— EXERCISE DESCRIPTION —
The answer must be one number: how many lines in the data below include the string "Drive".

— INFORMATION SHOWN —
Start of Block

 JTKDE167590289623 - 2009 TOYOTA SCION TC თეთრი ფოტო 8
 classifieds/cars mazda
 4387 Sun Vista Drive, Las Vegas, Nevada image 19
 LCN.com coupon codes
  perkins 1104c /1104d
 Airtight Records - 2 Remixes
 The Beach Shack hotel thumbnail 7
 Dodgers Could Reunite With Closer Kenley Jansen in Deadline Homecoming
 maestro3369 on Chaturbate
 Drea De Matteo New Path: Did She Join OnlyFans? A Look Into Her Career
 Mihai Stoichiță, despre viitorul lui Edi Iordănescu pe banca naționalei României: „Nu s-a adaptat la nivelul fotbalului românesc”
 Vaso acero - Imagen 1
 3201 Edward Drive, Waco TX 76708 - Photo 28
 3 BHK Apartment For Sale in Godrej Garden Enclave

End of Block
Start of Block

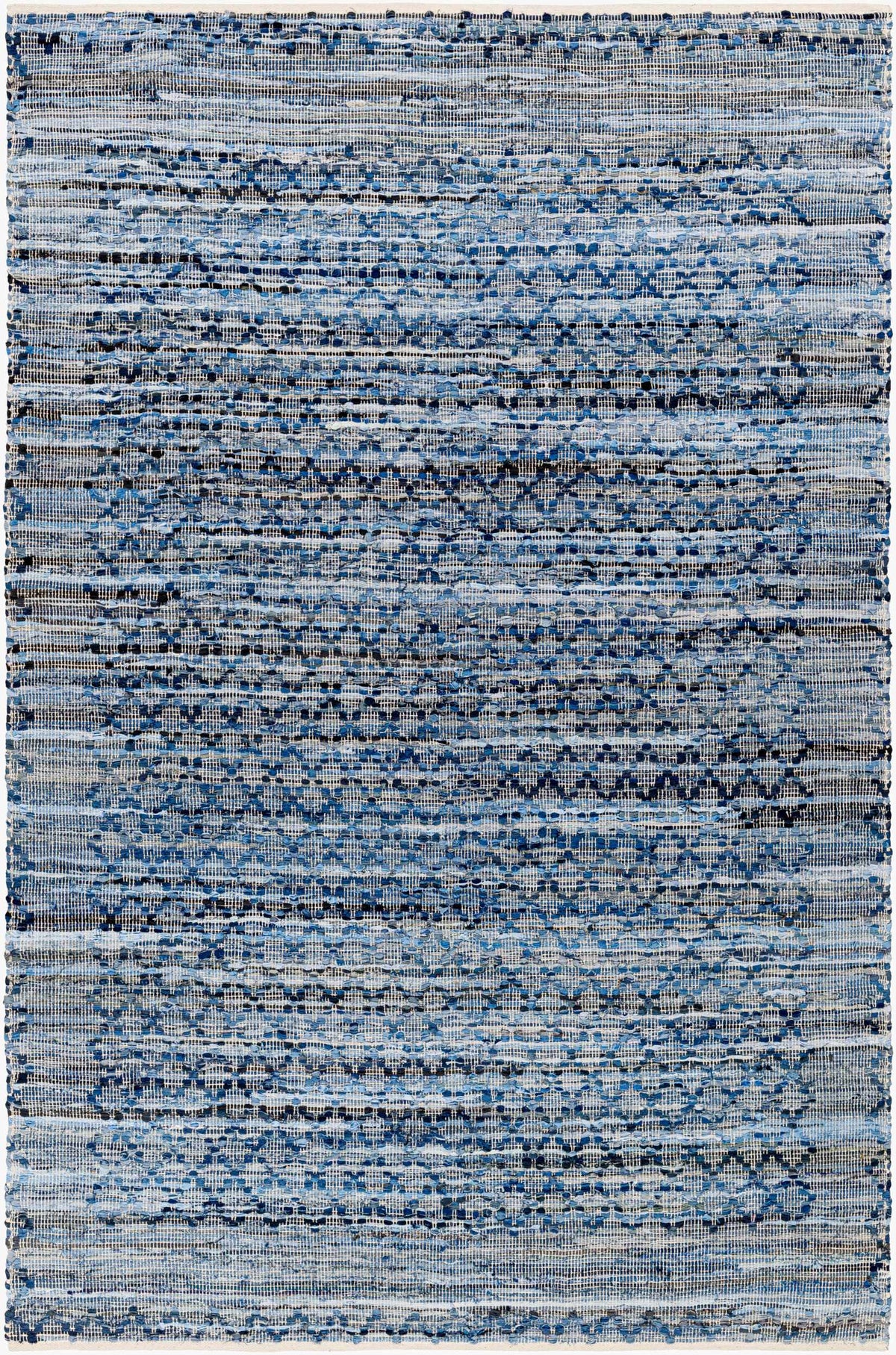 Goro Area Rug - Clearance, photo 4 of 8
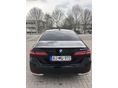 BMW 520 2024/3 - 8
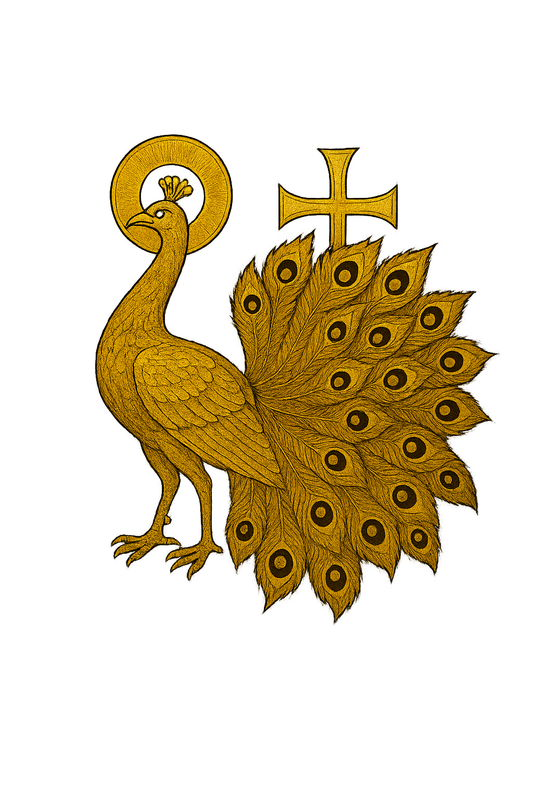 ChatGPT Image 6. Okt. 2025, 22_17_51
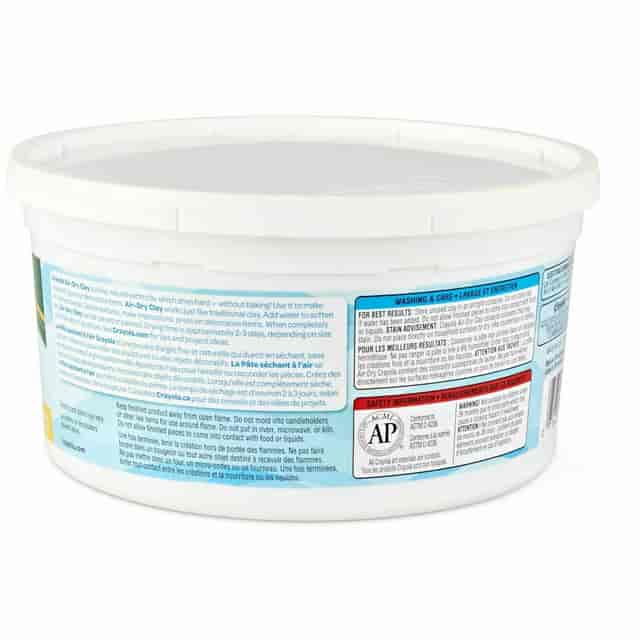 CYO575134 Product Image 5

End of Block
Start of Block

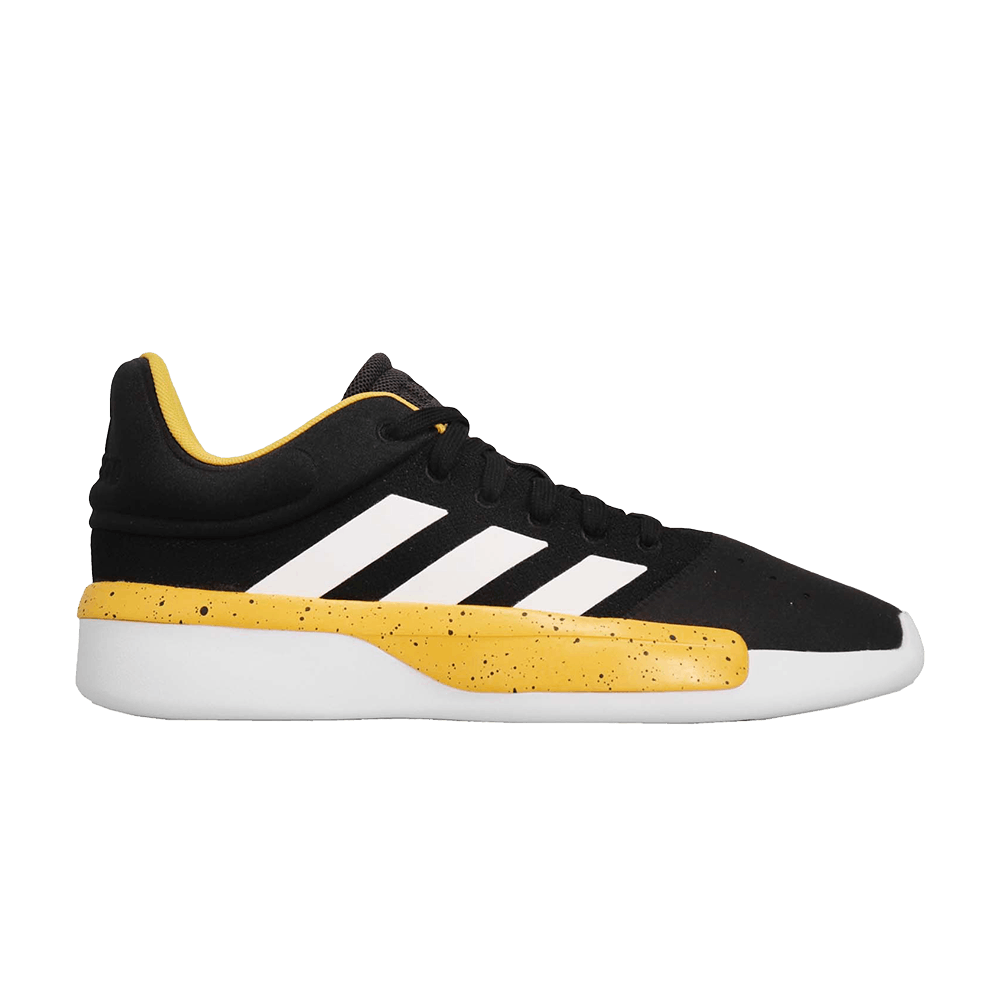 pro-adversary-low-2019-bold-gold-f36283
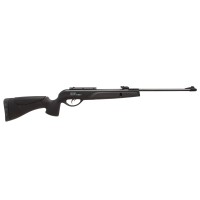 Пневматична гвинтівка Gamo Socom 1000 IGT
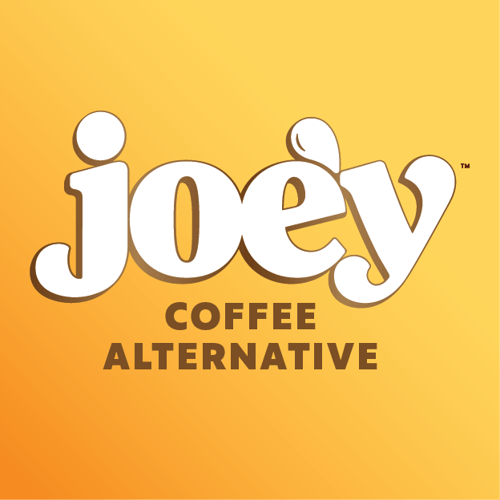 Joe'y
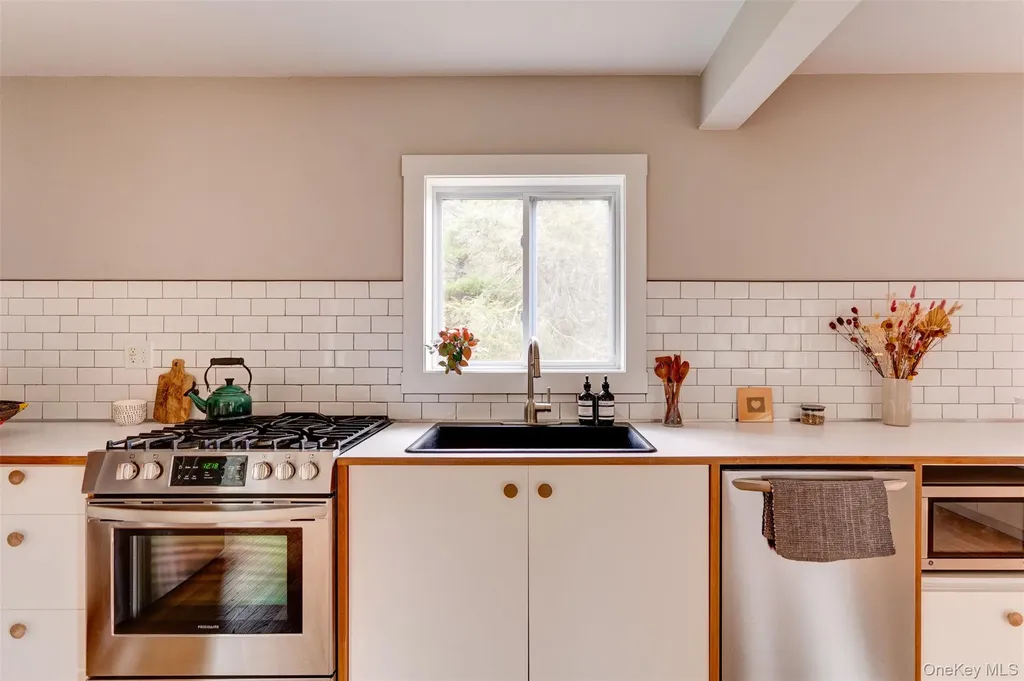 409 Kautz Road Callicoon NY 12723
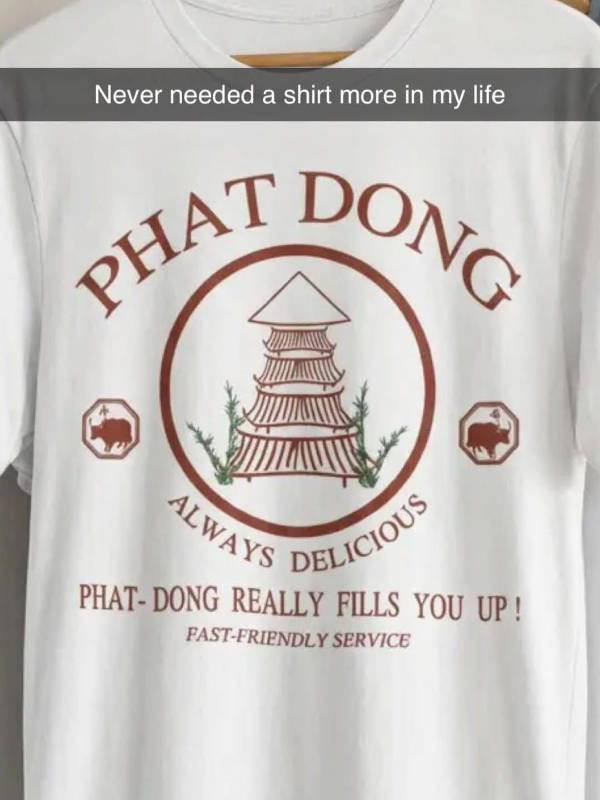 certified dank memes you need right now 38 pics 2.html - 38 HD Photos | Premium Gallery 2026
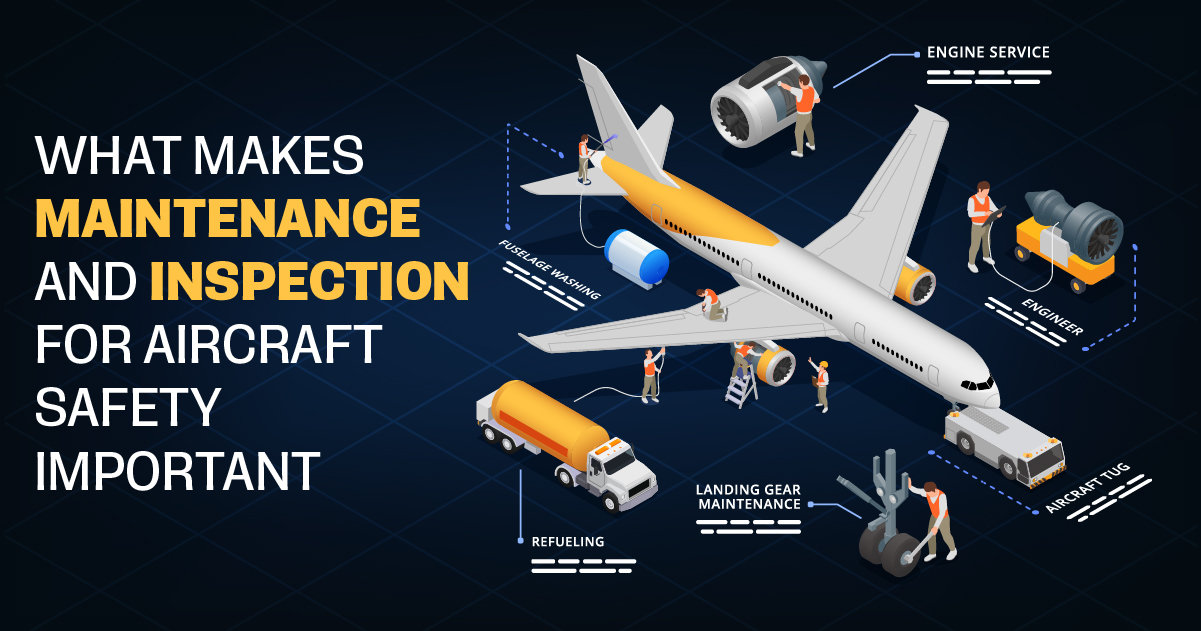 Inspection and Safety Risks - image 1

End of Block

— FINISHED EXERCISE —
2